Important Design Considerations from PG344

When tackling design issues, navigating a lengthy product guide can be overwhelming. To streamline your troubleshooting process, this article lists essential design considerations directly from the product guide, highlighting key points to keep in mind. This article condenses over 200 pages into a focused, 10-12 page summary, making it easier to access the most relevant information quickly. For full details, be sure to click the provided link to explore each consideration further in the original product guide.

Note

Link: Resets

  • If your board is designed to use the same PCIe edge connectors to operate with CPM and PL PCIE, then AMD recommend using PS reset using the Control Interface and Processing System (CIPS) IP core.

Note

Link: Descriptor Engine

  • The descriptor engine will have only one DMA read outstanding per queue at a time and can read as many descriptors as can fit in a queue is associated with interrupt aggregation, AMD recommends that the status descriptor be turned off, and instead the DMA status be received from the interrupt aggregation ring.

Note

Link: H2C Stream Engine

  • The total length of all descriptors put together must be less than 64 KB.

  • A packet with multiple descriptors straddling is not allowed due to the lack of per queue storage.

Note

Link: C2H Stream Engine

  • In Simple Bypass Mode, the engine does not track anything for the queue, and the user logic can define its own method to receive descriptors. The user logic is then responsible for delivering the packet and associated descriptor through the simple bypass interface.

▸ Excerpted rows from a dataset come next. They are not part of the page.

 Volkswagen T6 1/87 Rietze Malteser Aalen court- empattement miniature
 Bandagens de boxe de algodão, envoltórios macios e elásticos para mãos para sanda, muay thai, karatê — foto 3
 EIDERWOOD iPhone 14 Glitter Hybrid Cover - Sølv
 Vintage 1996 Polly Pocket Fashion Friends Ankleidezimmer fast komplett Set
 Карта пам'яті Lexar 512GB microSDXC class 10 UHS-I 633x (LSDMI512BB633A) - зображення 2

  • The ordering of the descriptors fetched by a queue in the bypass interface and the C2H stream interface must be maintained across all queues in bypass mode.

Note

Link: AXI Memory Mapped Bridge Master Interface

  • The AXI MM Bridge Master interface is used for high bandwidth access to AXI Memory Mapped space from the host. The interface supports up to 32 outstanding AXI reads and writes. One or more PCIe BAR of any physical function (PF) or virtual function (VF) can be mapped to the AXI-MM bridge master interface. This selection must be made prior to design compilation.

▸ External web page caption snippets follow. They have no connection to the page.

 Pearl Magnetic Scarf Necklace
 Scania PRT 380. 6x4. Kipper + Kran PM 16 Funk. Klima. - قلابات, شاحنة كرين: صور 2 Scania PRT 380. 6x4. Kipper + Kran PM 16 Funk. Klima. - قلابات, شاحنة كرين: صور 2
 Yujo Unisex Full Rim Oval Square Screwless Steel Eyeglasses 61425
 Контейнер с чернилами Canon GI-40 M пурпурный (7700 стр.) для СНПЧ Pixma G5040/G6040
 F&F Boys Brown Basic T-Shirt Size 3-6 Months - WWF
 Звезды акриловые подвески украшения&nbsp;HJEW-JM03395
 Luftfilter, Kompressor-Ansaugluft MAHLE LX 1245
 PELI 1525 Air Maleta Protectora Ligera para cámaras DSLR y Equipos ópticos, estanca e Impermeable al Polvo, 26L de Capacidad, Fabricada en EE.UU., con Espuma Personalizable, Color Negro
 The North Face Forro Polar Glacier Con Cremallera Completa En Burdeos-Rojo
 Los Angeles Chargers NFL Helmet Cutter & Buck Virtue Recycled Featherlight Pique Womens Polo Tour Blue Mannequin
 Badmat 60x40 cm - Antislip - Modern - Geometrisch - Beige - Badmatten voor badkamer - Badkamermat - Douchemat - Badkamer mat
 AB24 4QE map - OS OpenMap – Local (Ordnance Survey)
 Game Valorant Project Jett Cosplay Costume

  • Note that all VFs belonging to the same PF share the same PCIe to AXI translation vector. Therefore, the AXI address space of each VF is concatenated together. Use VFG_OFFSET to calculate the actual starting address of AXI for a particular VF.

Note

Link: AXI Memory Mapped Bridge Slave Interface

  • The AXI-MM Bridge Slave interface is used for high bandwidth memory transfers between the user logic and the Host. AXI to PCIe translation is supported through the AXI to PCIe BARs. The interface will split requests as necessary to obey PCIe MPS and 4 KB boundary crossing requirements. Up to 32 outstanding read and write requests are supported.

Note

Link: Interrupt Module

  • Queue-based interrupts and user interrupts are allowed on PFs and VFs, but error interrupts are allowed only on PFs.

Note

Link: General Design of Queues

  • PIDX update should never be equal to CIDX. For this case, if CIDX is 0, the maximum PIDX update would be 6.

Note

Link: QDMA Subsystem Limitations

  • Use AXI SmartConnect to support Narrow Burst.

  • ECC and Slave Narrow Burst support is mutually exclusive.

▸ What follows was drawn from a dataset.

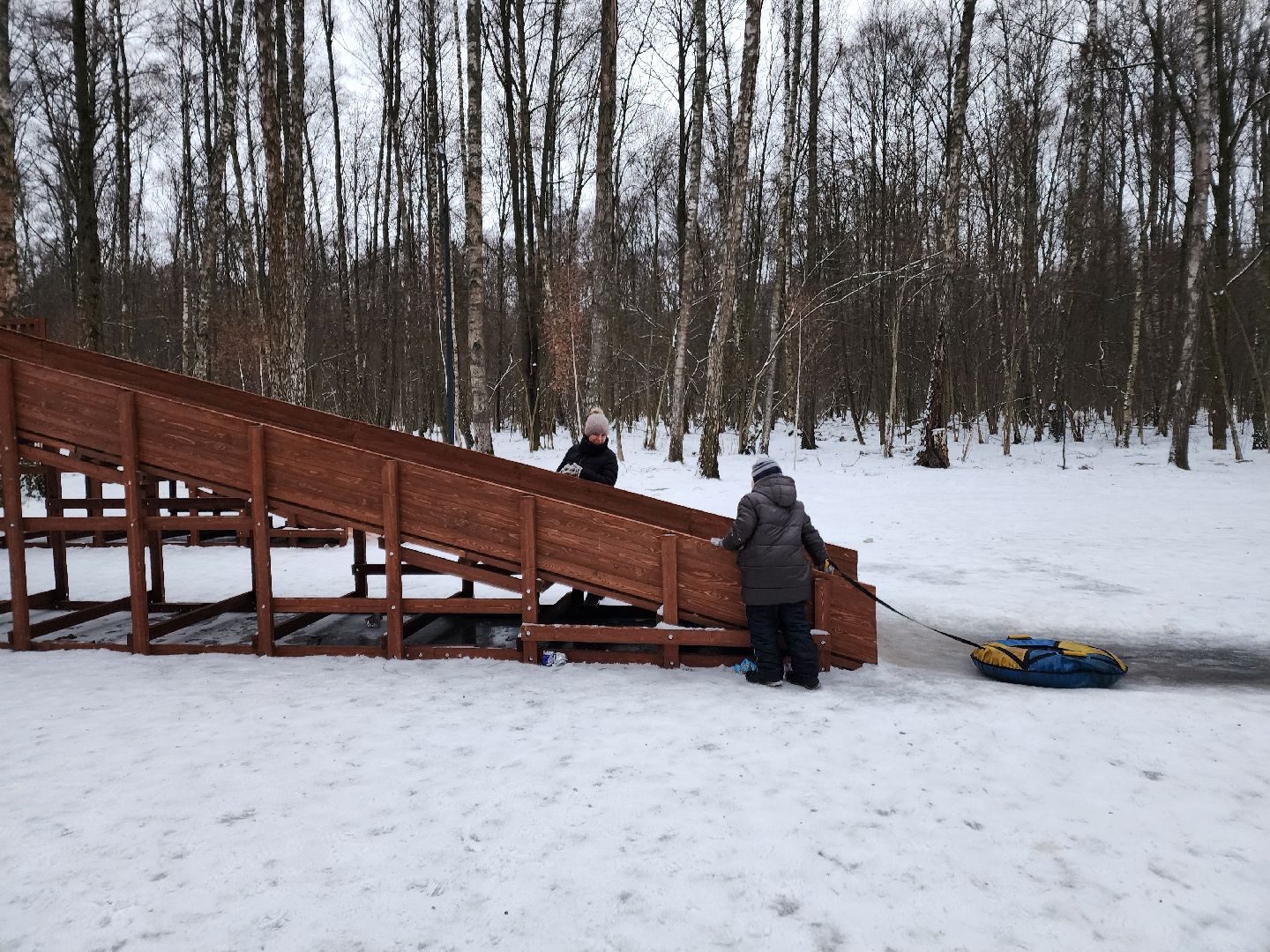 Чехов, микрорайон губернский, лесопарк, парковая зона отдыха, строительство, благоустройство, тюбинговые горки, программа Парки в лесу, губернатор московской области, вертикалки,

  • If you want an ECC feature, the recommendation is to up-size your AXI Master externally.

Note

Link: Performance and Resource Utilization

  • Following are the QDMA register settings recommended by AMD for better performance. Performance numbers can vary based on systems and OS used.

  • AMD recommends that you limit the total outstanding descriptor fetch to be less than 8 KB on the PCIe. For example, limit the outstanding credits across all queues to 512 for a 16B descriptor.

Note

Link: Descriptor Context

  • After the queue is enabled, the software context should only be updated through the direct mapped address space to update the Producer Index and Interrupt Arm® bit, unless the queue is being disabled.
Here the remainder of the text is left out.